■ Your goal: The listing below should be reproduced precisely, except for its images.

■ Data:

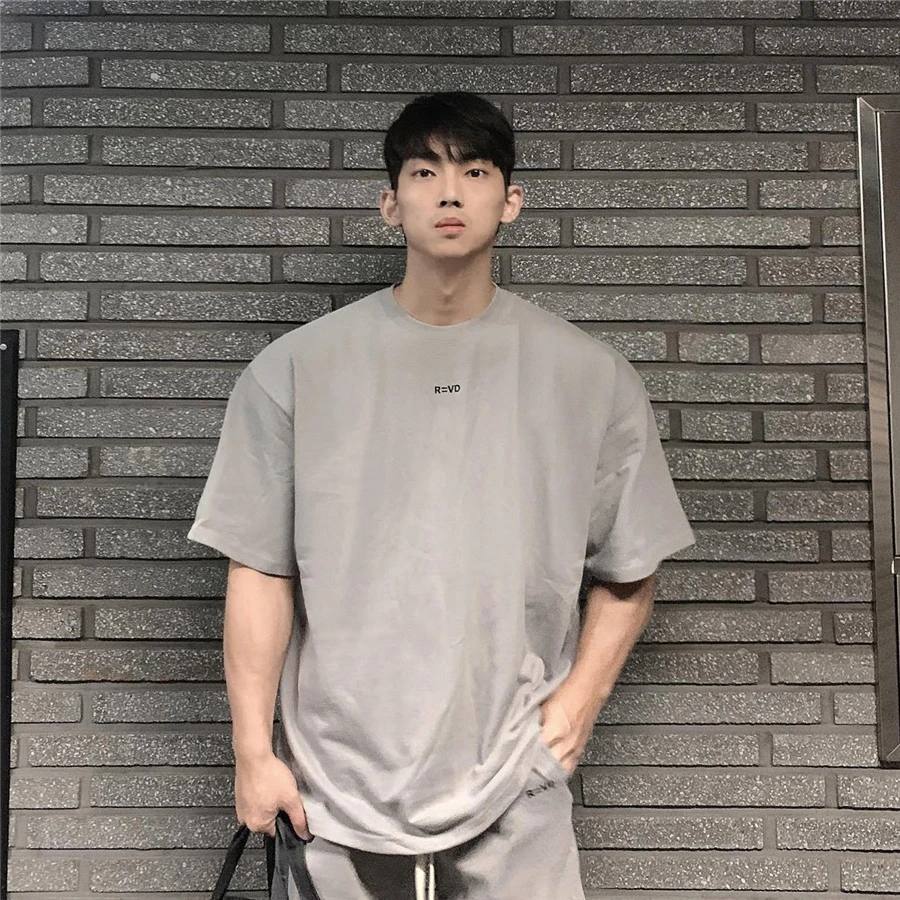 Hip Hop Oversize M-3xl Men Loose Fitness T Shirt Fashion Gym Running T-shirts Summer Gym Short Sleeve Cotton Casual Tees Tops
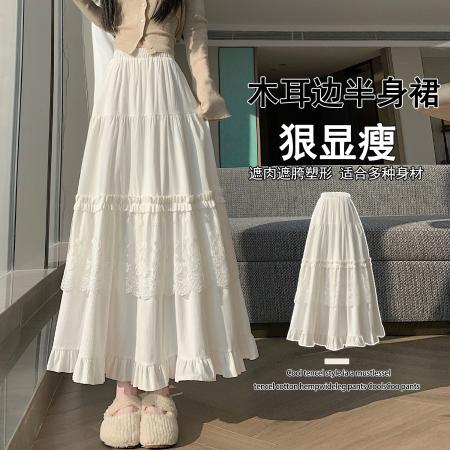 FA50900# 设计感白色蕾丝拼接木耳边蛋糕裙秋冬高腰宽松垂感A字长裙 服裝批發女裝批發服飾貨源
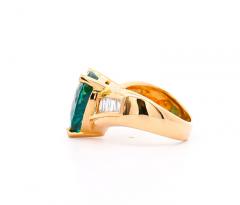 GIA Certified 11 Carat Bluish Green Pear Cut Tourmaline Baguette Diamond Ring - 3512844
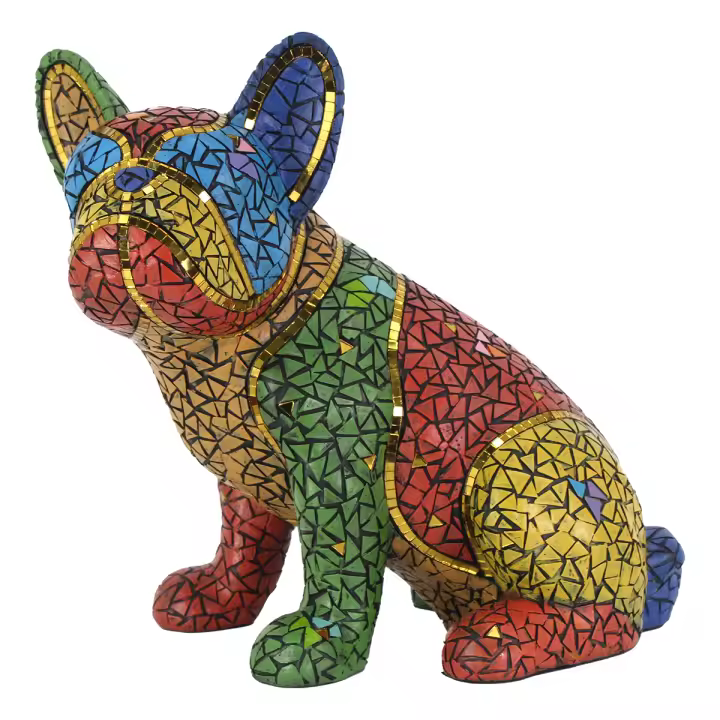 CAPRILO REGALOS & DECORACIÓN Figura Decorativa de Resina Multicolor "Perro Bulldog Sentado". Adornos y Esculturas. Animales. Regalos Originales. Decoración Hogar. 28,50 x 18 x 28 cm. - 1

■ Written solution:
 Hip Hop Oversize M-3xl Men Loose Fitness T Shirt Fashion Gym Running T-shirts Summer Gym Short Sleeve Cotton Casual Tees Tops
 FA50900# 设计感白色蕾丝拼接木耳边蛋糕裙秋冬高腰宽松垂感A字长裙 服裝批發女裝批發服飾貨源
 GIA Certified 11 Carat Bluish Green Pear Cut Tourmaline Baguette Diamond Ring - 3512844
 CAPRILO REGALOS & DECORACIÓN Figura Decorativa de Resina Multicolor "Perro Bulldog Sentado". Adornos y Esculturas. Animales. Regalos Originales. Decoración Hogar. 28,50 x 18 x 28 cm. - 1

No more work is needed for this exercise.